Saturday, May 23, 2009

Harris, The Third Craft (2008)

James T. Harris, The Third Craft. BPS Books, 2008. Pp. 300. ISBN 9780980923124. £12.00 / $24.95.

Reviewed by Karina Kantas

Knowing that The Third Craft is a trilogy, some readers may think they have the third installment and that the 1st and 2nd parts were called ‘First’ and ‘Second Craft’ respectively. But don’t be fooled: this is a novel about the third UFO to crash land in North America. The book is a comfortable read which could almost put it into the Young Adult genre, especially as the two protagonists are 18 year-old brothers. However, The Third Craft could also be classified as a sci-fi political thriller as the plot is about the political fight between aliens and the US government.

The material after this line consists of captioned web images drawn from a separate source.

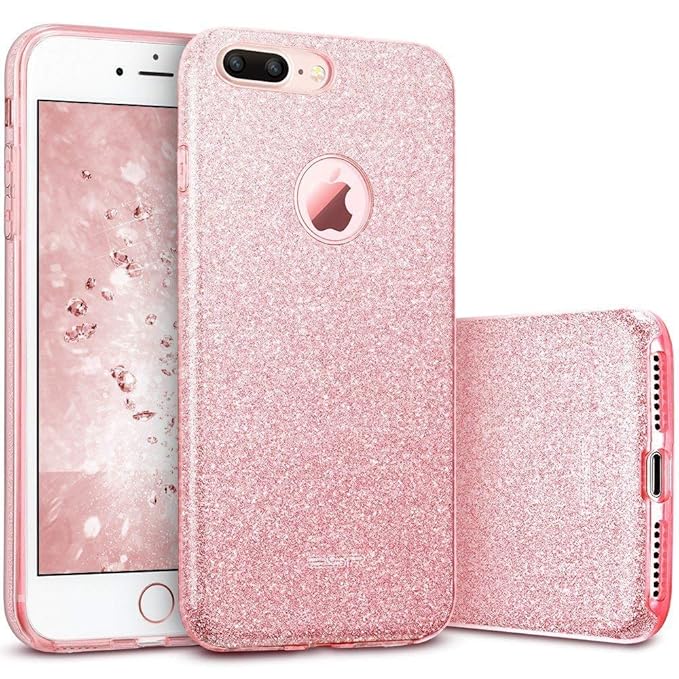 ESR kompatibel mit iPhone 7 Plus Hülle,Glitzer Hybrid Schutzhülle [Weiche TPU Abdeckung + Glitzer Papier + PP innere Schicht]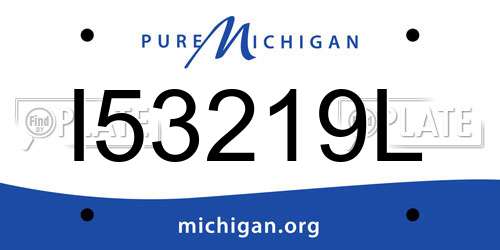 I53219L Michigan License Plate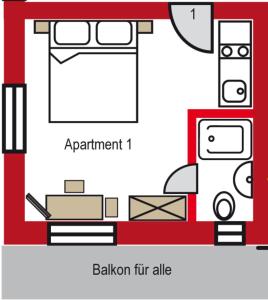Půdorys ubytování App 1 - Farbennest mit Frühstück Teeküche, Sommerbergbahnen inkl
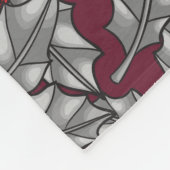 Holly berry, grijze bladeren op donkerrood fleece deken (Hoek)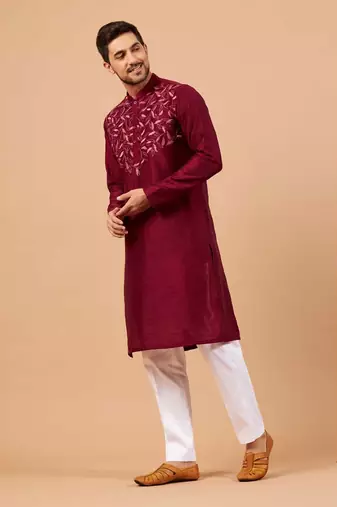 Magenta Leaf Motif Basik Kurta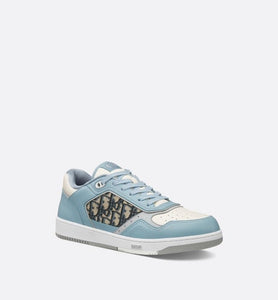 B27 Low-Top Sneaker • Light Blue and Cream Smooth Calfskin with Beige and Black Dior Oblique Jacquard
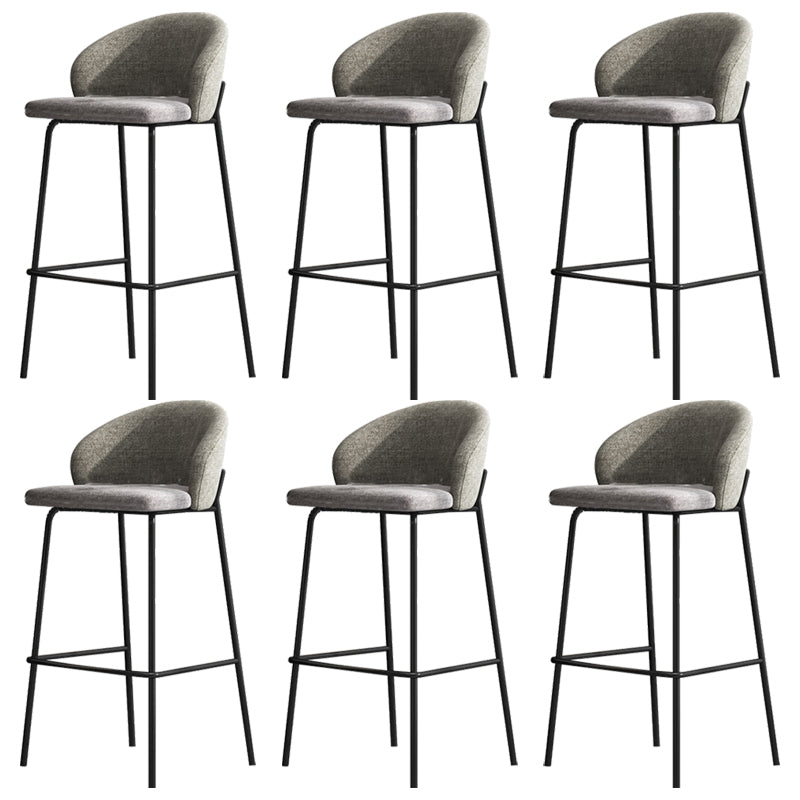 Contemporary Style Metal Armless Bar-stool Linen Counter Bar Stool for Kitchen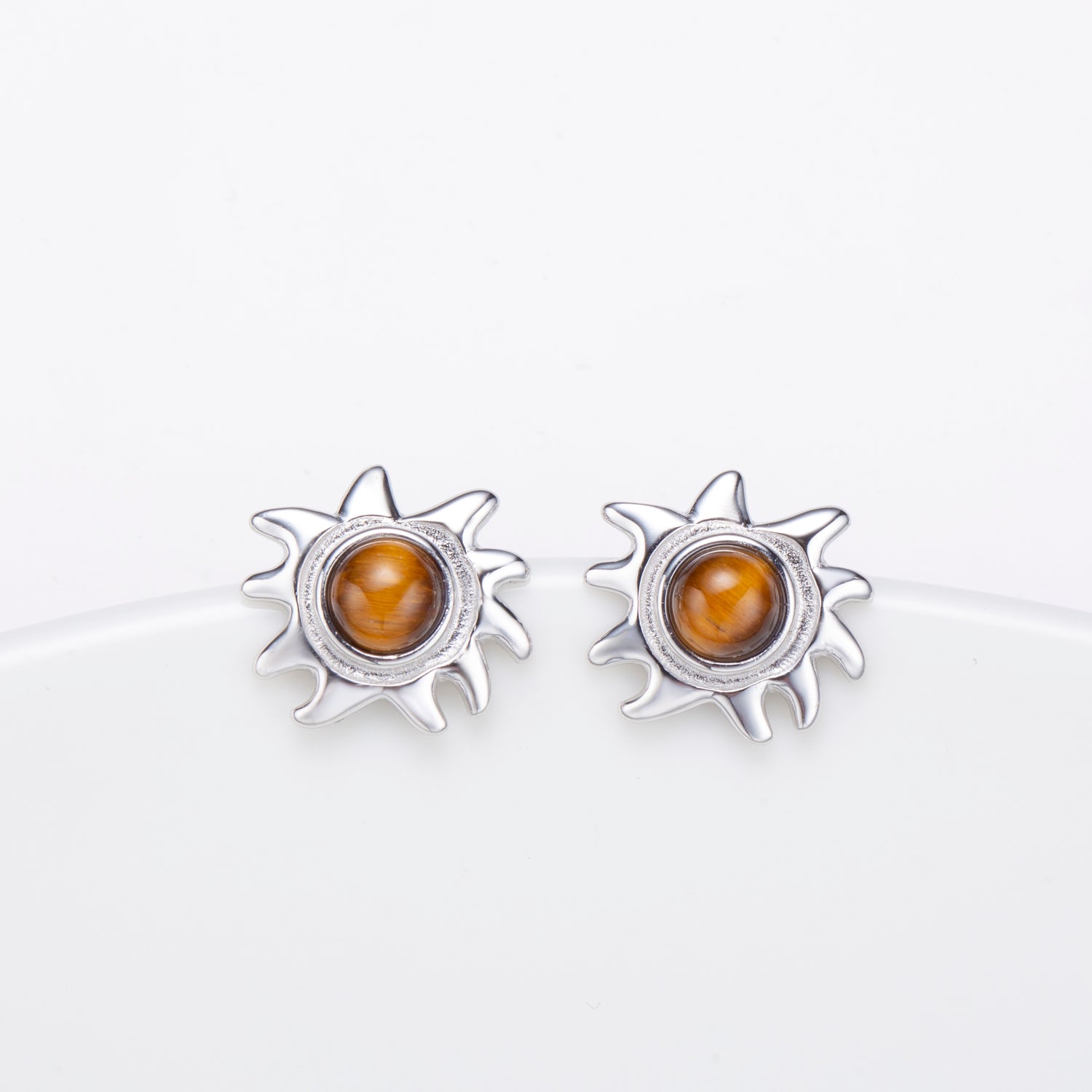 Natural Tiger's Eye Cabochon Round Cut Stud Earrings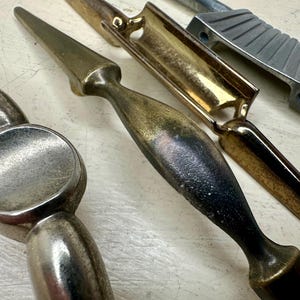 Vintage Mid Century Modern Drawer Pulls – Set of 4 Assorted Brass & Chrome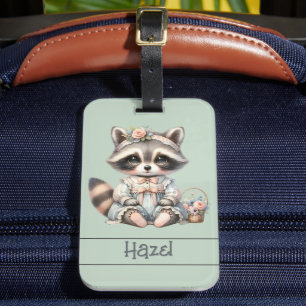 Étiquette À Bagage Vintage habillé Cottagecore Raccoon Pastel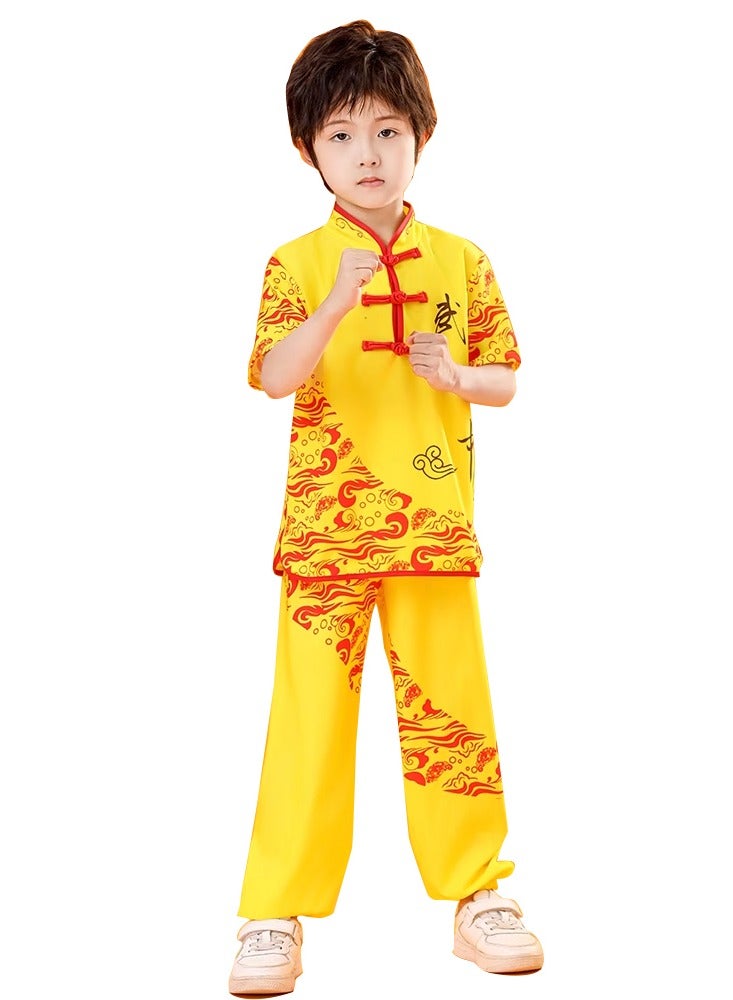 LiangSanZhi Kids Kung Fu Uniform - Chinese Traditional Hanfu Costume Set with Short Sleeves for Boys & Girls  - Image 1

Twin brothers, Hawk and Joe, discover the eponymous craft and in doing so unleash a conspiracy involving aliens that are human and humans that are aliens. Twenty pages in the exciting plot has the brothers just discovering the crashed UFO, Harris’s version of ‘Area 51’, and what really happened in Roswell. Too many dates and name-drops later, we get back to the plot concerning the brother’s discovery.

Unfortunately, the split in the story may cause the reader to lose the flow. The back-story on the major players and their significance plays an important role in the novel, but would work just as well with half the wordage. Too much information overloads the mind, and distracts from the adventure. Certainly, a lot of research has gone into this novel, but with sci-fi, a reader expects to be wowed by advances in science, not delivered lectures on history or religion. The backtracking dulls the senses and may have the reader turning the pages quicker than they are reading them.

Science fiction rightly focuses on the science; the author explains scientific probabilities and results in great detail, but he does so as though explaining to a novice. Most of this lengthy detail would be left on the cutting room floor if The Third Craft were a movie. The scientific detail could be expressed more visually; although Harris’s grasp of the visual in his writing is exceptional, all the back-story and detail in the in-between sections slow down the exciting plot.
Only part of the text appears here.